As I think this will possibly help others, I wanted to provide what I found
that ended up solving this problem.
The key thing is that the JVM needed to be forked, so needed this to be
added in:
ThisBuild / fork := true
final build.sbt file:
ThisBuild / scalaVersion := "3.7.1"
ThisBuild / version := "0.1.0-SNAPSHOT"
ThisBuild / scalacOptions += "-release:17"
ThisBuild / javacOptions ++= Seq("--release", "17")
ThisBuild / fork := true
val flinkVersion = "2.0.0"
val flinkConnectorVersion = "4.0.0-2.0"
lazy val flink_simple_testing = project
.in(file("flink_simple_testing"))
.settings(
name := "flink-testing",
libraryDependencies ++= Seq(
"org.apache.flink" % "flink-core" % flinkVersion,
"org.apache.flink" % "flink-streaming-java" % flinkVersion,
"org.apache.flink" % "flink-clients" % flinkVersion,
"org.apache.flink" % "flink-runtime" % flinkVersion,
)
)
final script file:
import org.apache.flink.streaming.api.environment.StreamExecutionEnvironment
import org.apache.flink.streaming.api.datastream.DataStreamSource
@main def main(): Unit = {
val env = StreamExecutionEnvironment
.getExecutionEnvironment
.setParallelism(1)
val data: DataStreamSource[String] = env.fromData(
"this", "is a", "test"
)
data.print()
val p = env.getExecutionPlan
println(p)
env.execute()
}
On Thu, Jul 3, 2025 at 3:27 PM Jeremie Doehla <[email protected]>
wrote:
> Hello --
> I was hoping to get some help getting things set up as something isn't
> working quite right and not sure what's missing.
> Thought I would try and just copy something cited as an example in case I
> missed something with my own code, so I pulled the example I see here:
> https://nightlies.apache.org/flink/flink-docs-release-2.0/docs/dev/datastream/overview/
>
> Updated slightly to this:
>
> import org.apache.flink.api.common.functions.FlatMapFunction;
> import org.apache.flink.api.java.tuple.Tuple2;
> import org.apache.flink.streaming.api.datastream.DataStream;
> import org.apache.flink.streaming.api.environment.StreamExecutionEnvironment;
> import java.time.Duration;
> import org.apache.flink.util.Collector;
> import
> org.apache.flink.streaming.api.windowing.assigners.TumblingProcessingTimeWindows;
>
>
> public class main {
>
> public static void main(String[] args) throws Exception {
>
> StreamExecutionEnvironment env =
> StreamExecutionEnvironment.getExecutionEnvironment();
>
> DataStream<Tuple2<String, Integer>> dataStream = env
> .socketTextStream("localhost", 9999)
> .flatMap(new Splitter())
> .keyBy(value -> value.f0)
>
> .window(TumblingProcessingTimeWindows.of(Duration.ofSeconds(5)))
> .sum(1);
>
> dataStream.print();
>
> env.execute("Window WordCount");
> }
>
> public static class Splitter implements FlatMapFunction<String,
> Tuple2<String, Integer>> {
> @Override
> public void flatMap(String sentence, Collector<Tuple2<String,
> Integer>> out) throws Exception {
> for (String word: sentence.split(" ")) {
> out.collect(new Tuple2<String, Integer>(word, 1));
> }
> }
> }
>
> }
>
>
> As I'm ultimately intending to use scala, I'm leveraging sbt to try and
> run the java code.
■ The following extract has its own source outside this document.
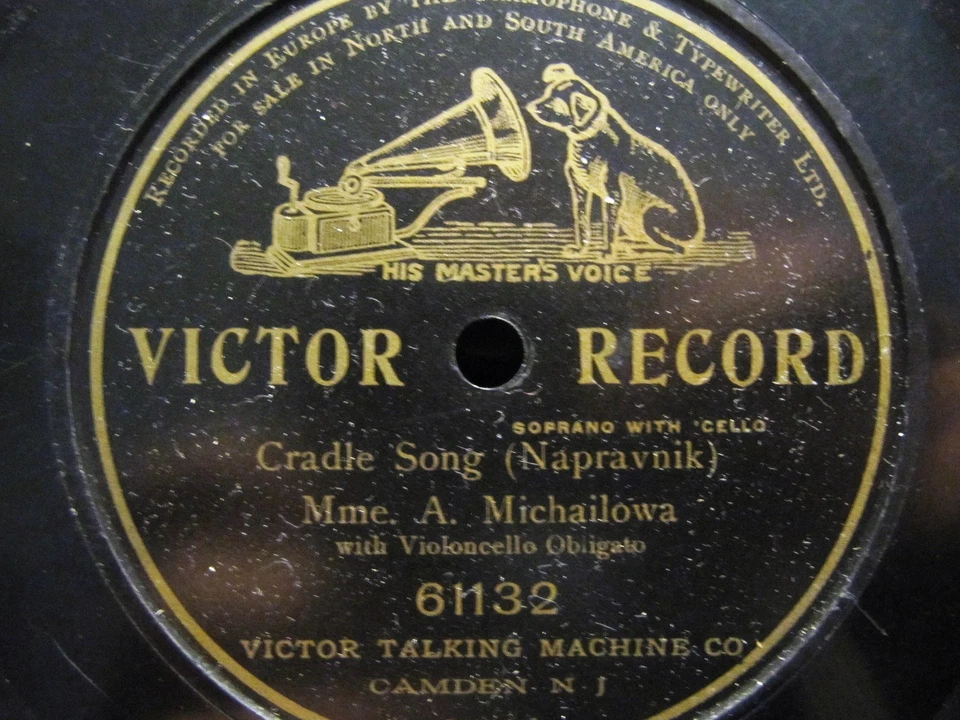 1905 Russian G&T Evgeni Wolf Israel CELLO Maria Michailowa NAPRAVNIK CRADLE SONG - Image 1 of 1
With that, I've got the following setup in my build.sbt
> file:
>
> ThisBuild / scalaVersion := "3.7.1"
> ThisBuild / version := "0.1.0-SNAPSHOT"
> ThisBuild / scalacOptions += "-release:17"
> ThisBuild / javacOptions ++= Seq("--release", "17")
>
>
> val flinkVersion = "2.0.0"
> val flinkConnectorVersion = "4.0.0-2.0"
>
> lazy val websiteExample = project
> .in(file("website_example"))
> .settings(
> name := "flink-testing",
> libraryDependencies ++= Seq(
> "org.apache.flink" % "flink-core" % flinkVersion,
> "org.apache.flink" % "flink-streaming-java" % flinkVersion,
> "org.apache.flink" % "flink-clients" % flinkVersion,
> "org.apache.flink" % "flink-runtime" % flinkVersion,
> "org.apache.flink" % "flink-datastream" % flinkVersion
> )
> )
>
>
> Everything compiles fine, but when running I get this error:
>
> [error] org.apache.flink.util.FlinkException: Failed to execute job
> 'Window WordCount'.
>
> Which traces back to this error:
>
> [error] Caused by: java.lang.ClassNotFoundException:
> org.apache.flink.streaming.api.operators.SimpleUdfStreamOperatorFactory
>
> [error] at
> java.base/jdk.internal.loader.BuiltinClassLoader.loadClass(BuiltinClassLoader.java:641)
>
> Which makes me think I'm missing some package to get the
> SimpleUdfStreamOperatorFactory to be in scope somewhere, but best I can
> tell that should have been captured with the flink-runtime package, right?
>
> So, my question is what might I be missing here to get this to work?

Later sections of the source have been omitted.